A little waterfed pole secret for you pressure washers

Why won’t DI alone work with readings of a 100?

It will, but the higher the PPM the faster the resin will degrade, up to a point where it will not be worth it and an RO/DI system is necessary then. Hence @Allenwagner saying for the rainwater that has PPM of 7 greatly cuts in DI resin costs, as it degrades way slower.
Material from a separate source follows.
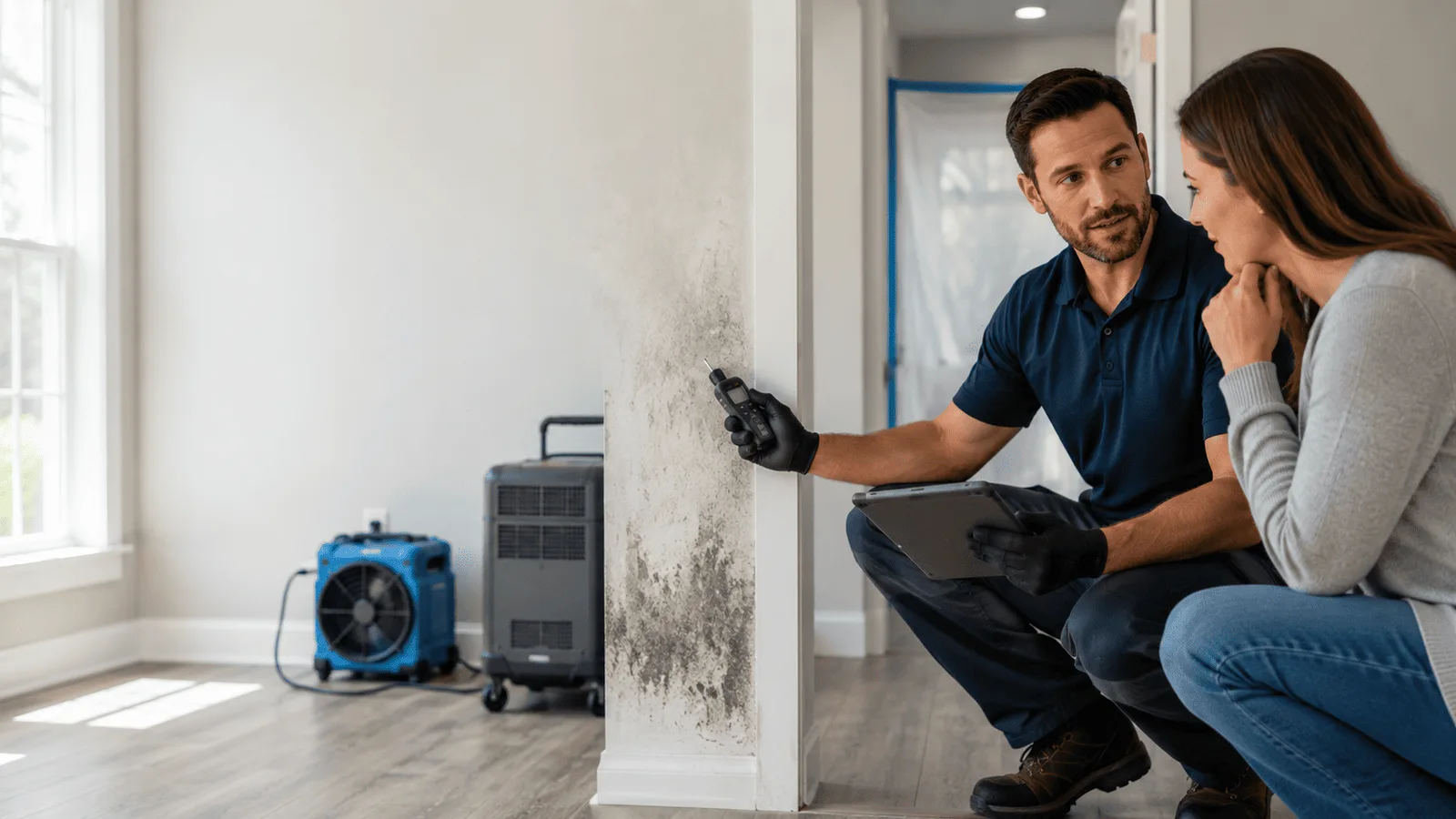 Mold Inspection Salina, PA FAQs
Thank you for the good answer. I just had to deal with the failure of my ro filters. I bought a used homemade system to start with wfp and this past week the water from the ro jumped to 140 ppm . I needed to make a couple hundred gallons of pure water for a large job and my di would only bring it down to 8-11ppm. This forced me to try the rainwater which I have been considering for the last year but didn’t try since I didn’t need to. Now, I probably won’t replace the to. Doing commercial jobs I find it’s quicker and easier to haul the water in than hooking up hoses. It’s less of a trip hazard and I can be washing windows a minute after backing in. Same thing with rapping up when I am done. I am kind of jealous of the guys who have 45ppm coming out of the spigot.

1 Like

While you’re at it, train the monkey to lightly agitate the glass with a brush after you soap the house and before you rinse. Then you can go back around with a WFP and simply rinse with DI water for a spot-free finish. No brush work needed.

1 Like

I mean to be fair… we didn’t ask for the advice lol he just posted it.

1 Like

I used to work for a window cleaning company in Toledo. We once cleaned a set of 70’ glass stairwells, without a pump. They didn’t even own a pump for the wfp at all, and never needed it.

We run two wfp through a single di filter on the same job. No pump and plenty of pressure even to 40 ft. If you are running di only and not through the ro you should be fine with most tap pressure.